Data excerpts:
· · ·

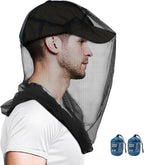 Mosquito Head Net for Insects, 2 Pack, Premium Bug Net for Head, Fly & Bug Protection | Ultra Large & Long, Finest Holes for Camping, Hiking, Fishing, Gardening, Fits All Hats for Men & Women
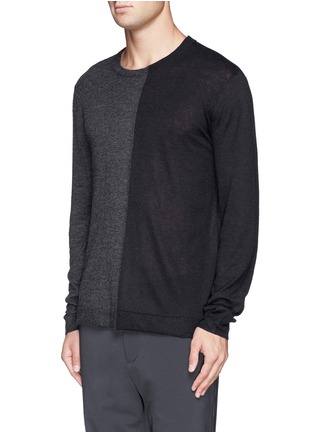 Front View - Click To Enlarge - T BY ALEXANDER WANG - Colourblock alpaca-wool sweater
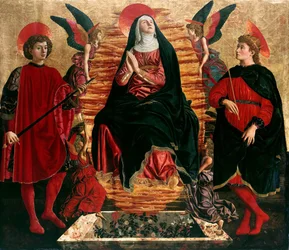 Hemelvaart van de Maagd met heiligen Julianus en Minias, 1449-1450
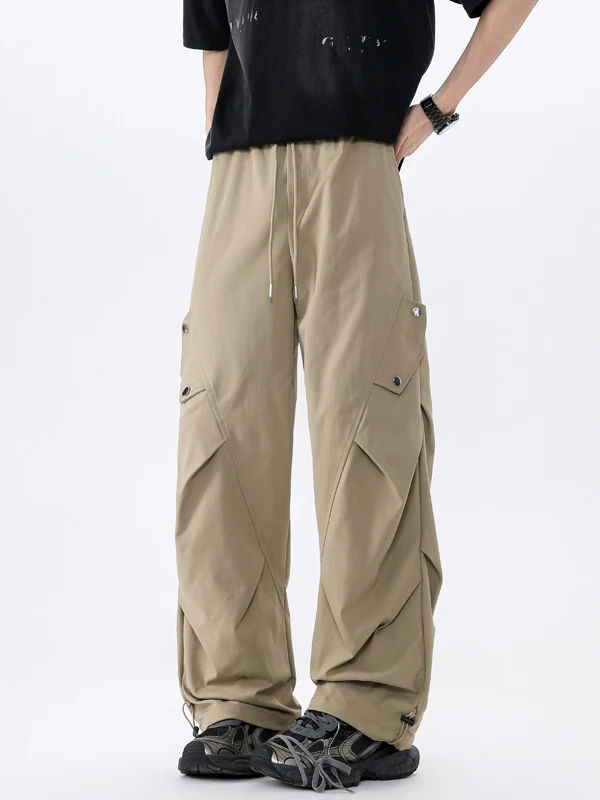

American Paratrooper Work Pants Men Summer Retro Straight Leg Pleated Casual Loose Long Trousers Fashionable Durable Straight...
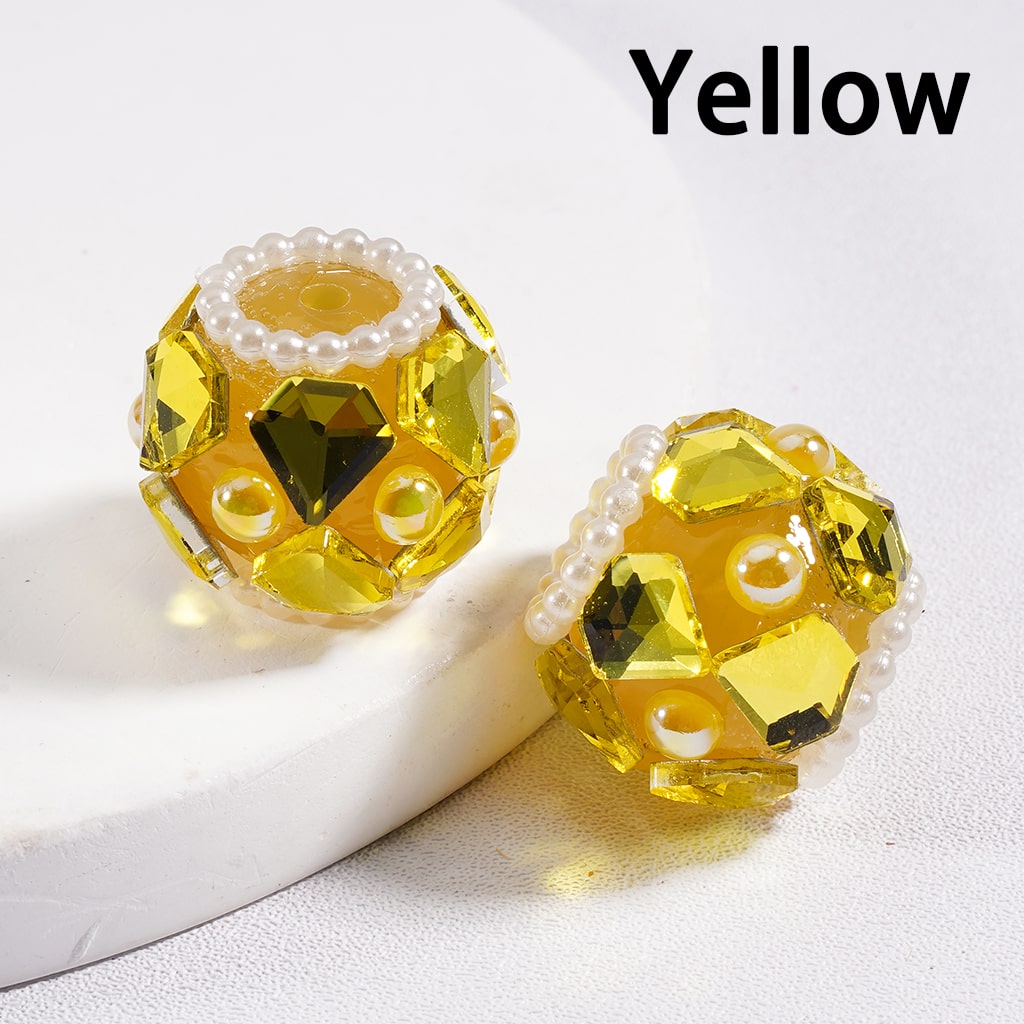 Acrylic Beads Shiny Diamond Shape Rhinestones White Pearls Loops Multi-Color 16*19MM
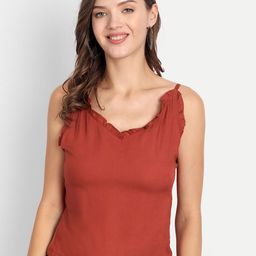 D 'VESH Women Rust Solid V-Neck Top-image-17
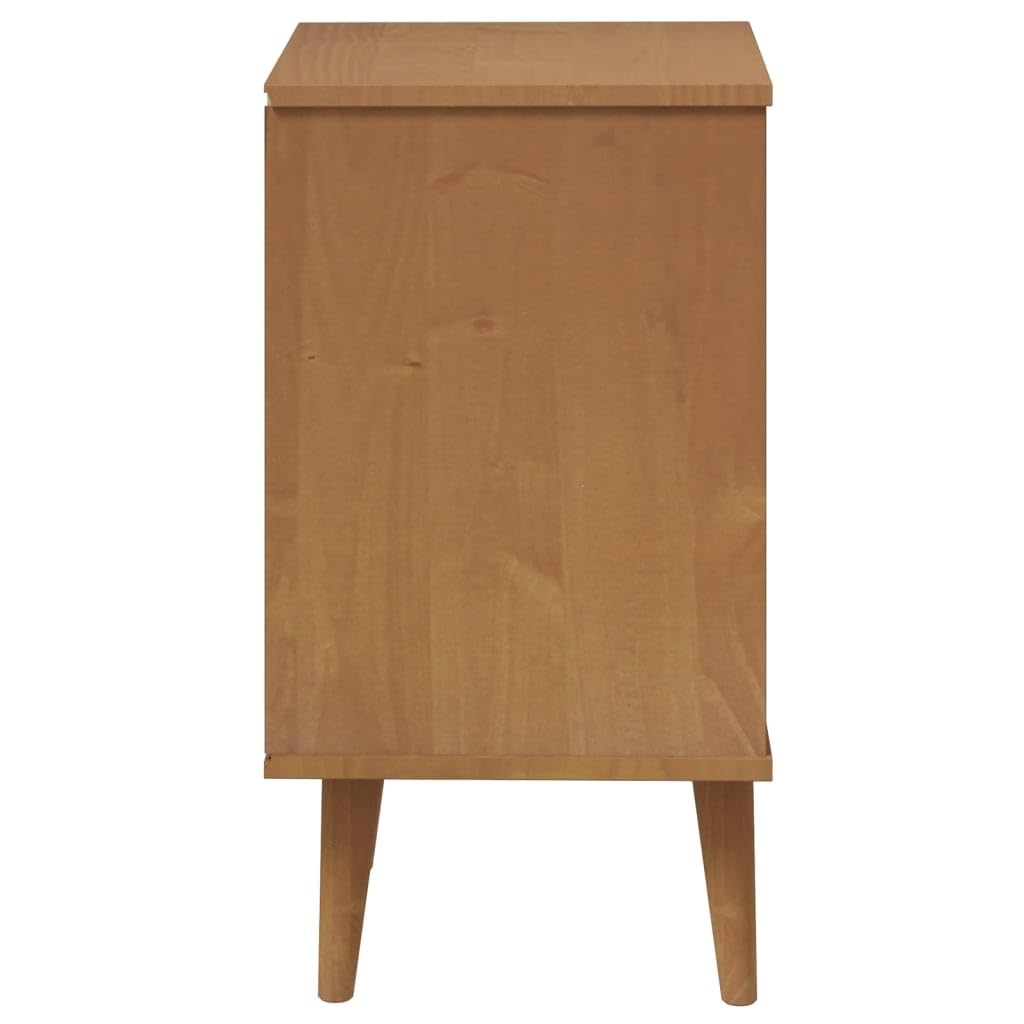 Homgoday Armoire de sol Mobilier de bureau, Table de chevet marron MOLDE 40 x 35 x 65 cm en bois massif de pin, Buffet Armoire, Table de chevet pour chambre à coucher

· · ·

Problem
From the line that holds "Front View - Click" to the last line of the records, please copy each line exactly and nothing else. Pictures stay out.

Response
 Front View - Click To Enlarge - T BY ALEXANDER WANG - Colourblock alpaca-wool sweater
 Hemelvaart van de Maagd met heiligen Julianus en Minias, 1449-1450

American Paratrooper Work Pants Men Summer Retro Straight Leg Pleated Casual Loose Long Trousers Fashionable Durable Straight...
 Acrylic Beads Shiny Diamond Shape Rhinestones White Pearls Loops Multi-Color 16*19MM
 D 'VESH Women Rust Solid V-Neck Top-image-17
 Homgoday Armoire de sol Mobilier de bureau, Table de chevet marron MOLDE 40 x 35 x 65 cm en bois massif de pin, Buffet Armoire, Table de chevet pour chambre à coucher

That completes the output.